Wonderful things, these buzzwords.
No doubt the valuations they accrue each period were not being earnestly reviewed and built up, with no one really understanding the accounting or too frightened of the consequences. Management accountants should have a personality test, to find out a) that they are not charlatans that just want to skate on the surface in meetings, and b) they have got balls to lay the law down, no doubt in this case to aggressive contract and quantity surveying managers.
It was interesting
to hear Steve Marshall talking about inconsistencies within the Construction Industry. I thought that was common knowledge. I love it when they (you know who they are) say this will only cost £20b. £40b later and climbing someone starts looking at things.

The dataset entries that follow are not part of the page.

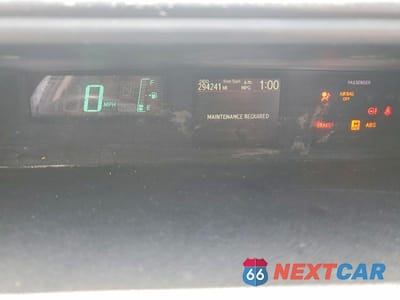 Zdjęcie 9 z 12 samochodu: 2012 TOYOTA PRIUS C ONE VIN:JTDKDTB35C1007577 - miniatura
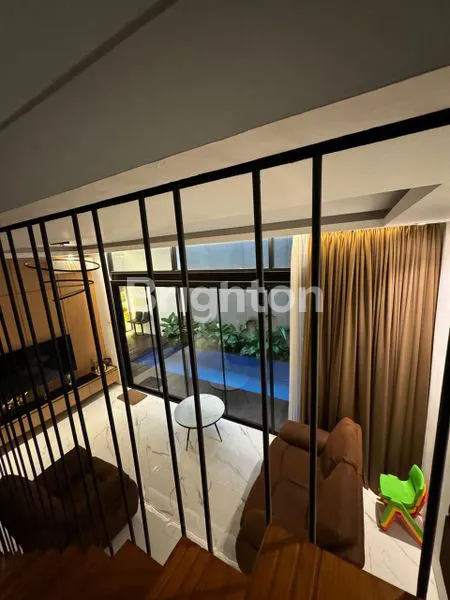 image RUMAH MEWAH 2 LANTAI FULLY FURNISHED DENGAN PRIVATE POOL DI TENGAH KOTA SOLO (3)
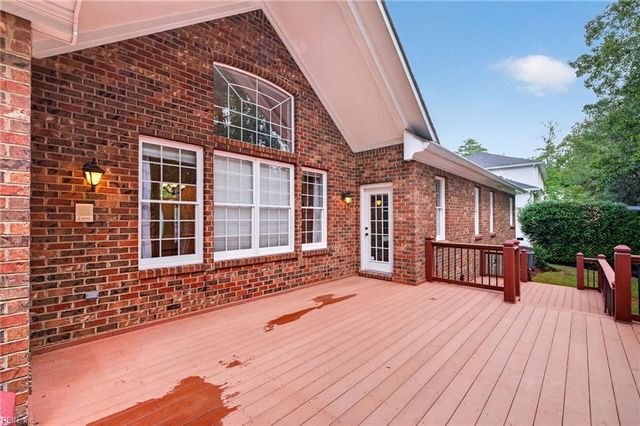 1584 Godfrey LN, Virginia Beach, VA 23454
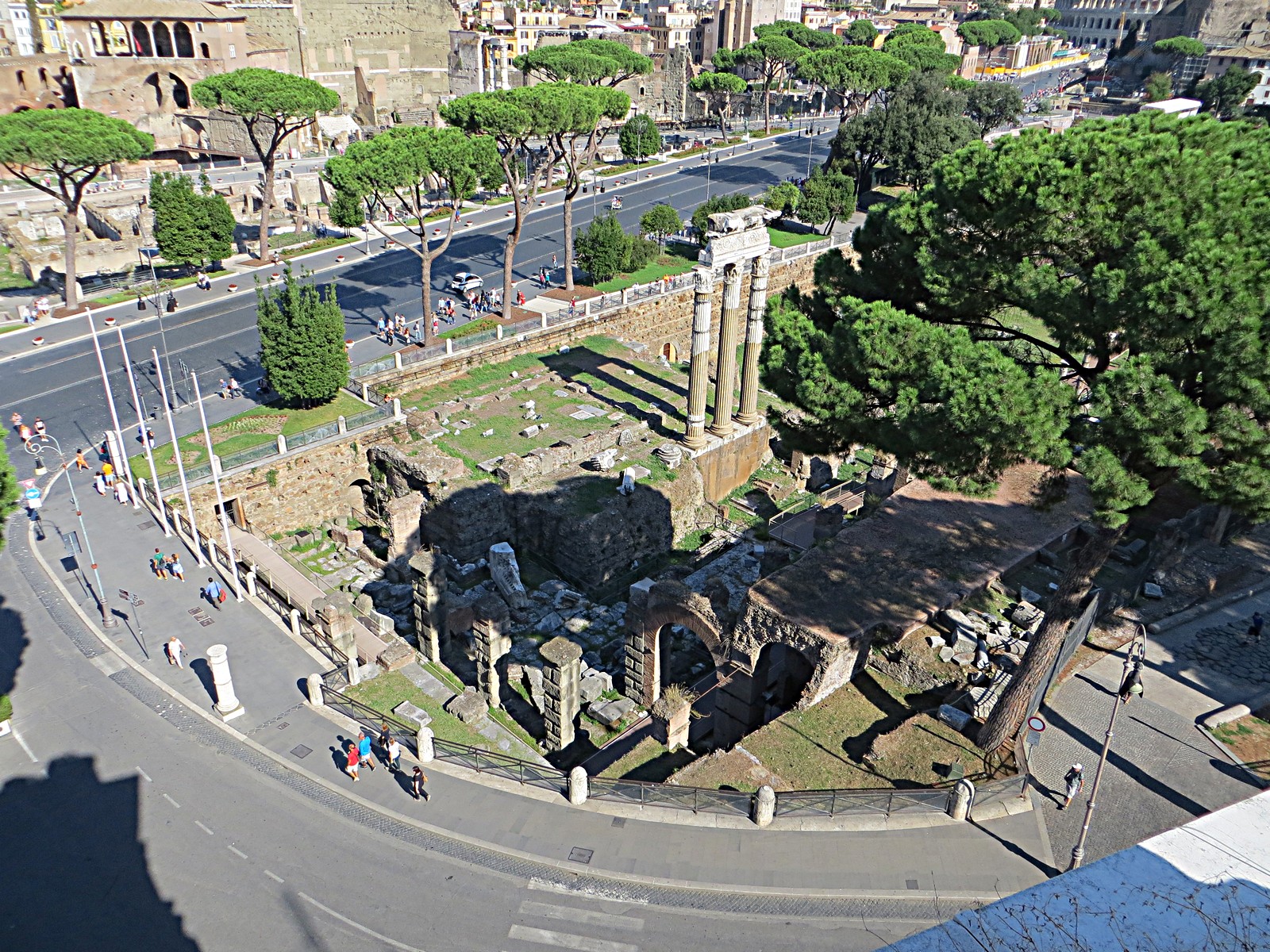 Vista su Roma dalla Terrazza delle Quadrighe del Vittoriano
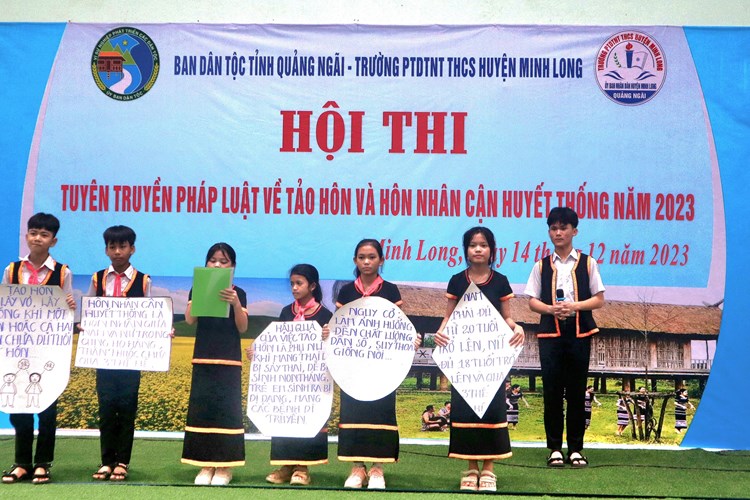 Quảng Ngãi: Tuyên truyền pháp luật giảm thiểu tảo hôn và hôn nhân cận huyết thống - Anh 1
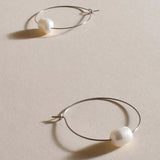 Elegantne Naušnice Kružne Tanke Žice S Biserima Krema I Srebro Za Poslovni I Ležerni Stil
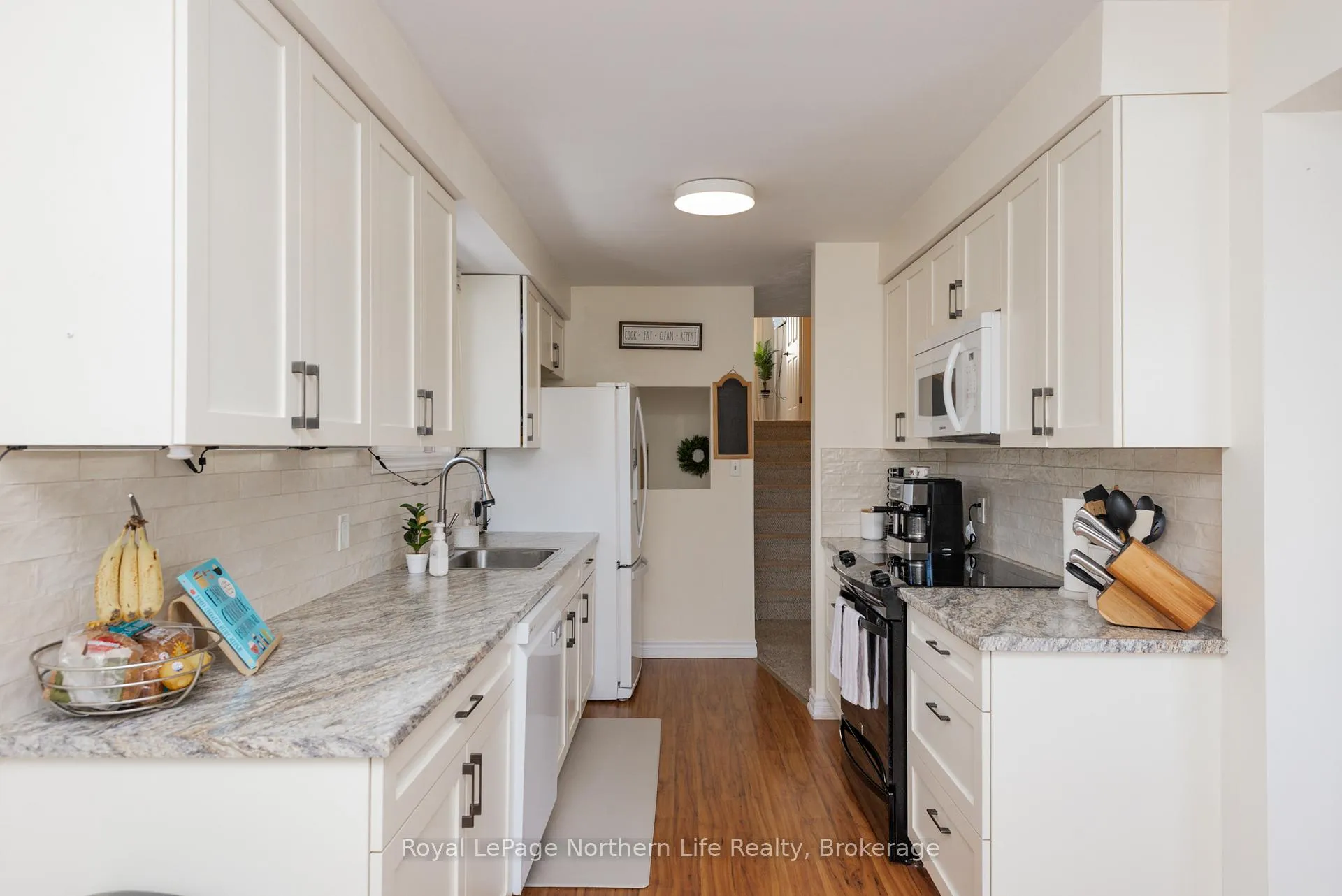 Photo 14 of 47 Harris Drive, North Bay, Ferris — HOMEH
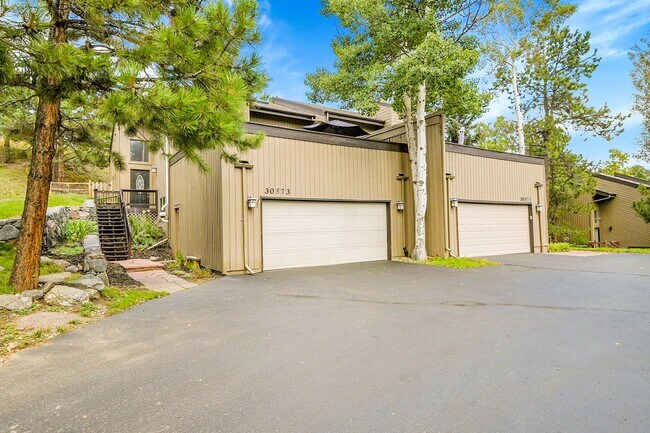 Building Photo - 30573 Sun Creek Dr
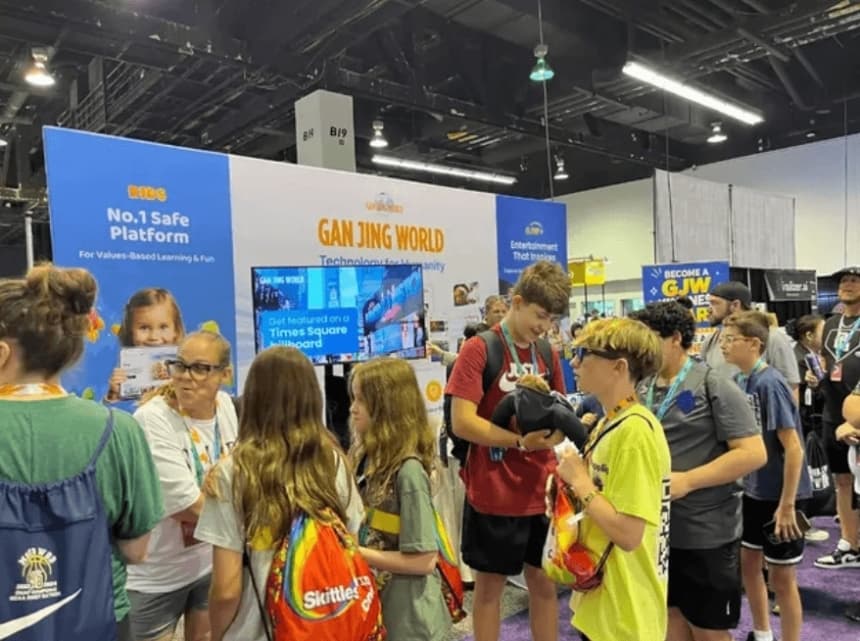 Gan Jing World presenta su plataforma “Tecnología para la Humanidad” en la VidCon de California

KPMG for a forensic review
they should have chosen someone cheaper for the forensic review.
its not rocket science
It won't be complicated. I would have set them straight for £10k, a few weeks to conclude the problem. As opposed a few hundred grand by kpmg
Why Always Beleagured?
What is so extraordinary is that whenever we hear of stories like this (and Tesco) it is only ever when both profits and trading are in trouble. One wonders what potential horrors our ostensibly more successful public companies might be concealing in the nether regions of their balance sheets?
If it's not material,
is the old phrase used by many Accountants. So you could have many millions missing but if the turnover is billions who cares.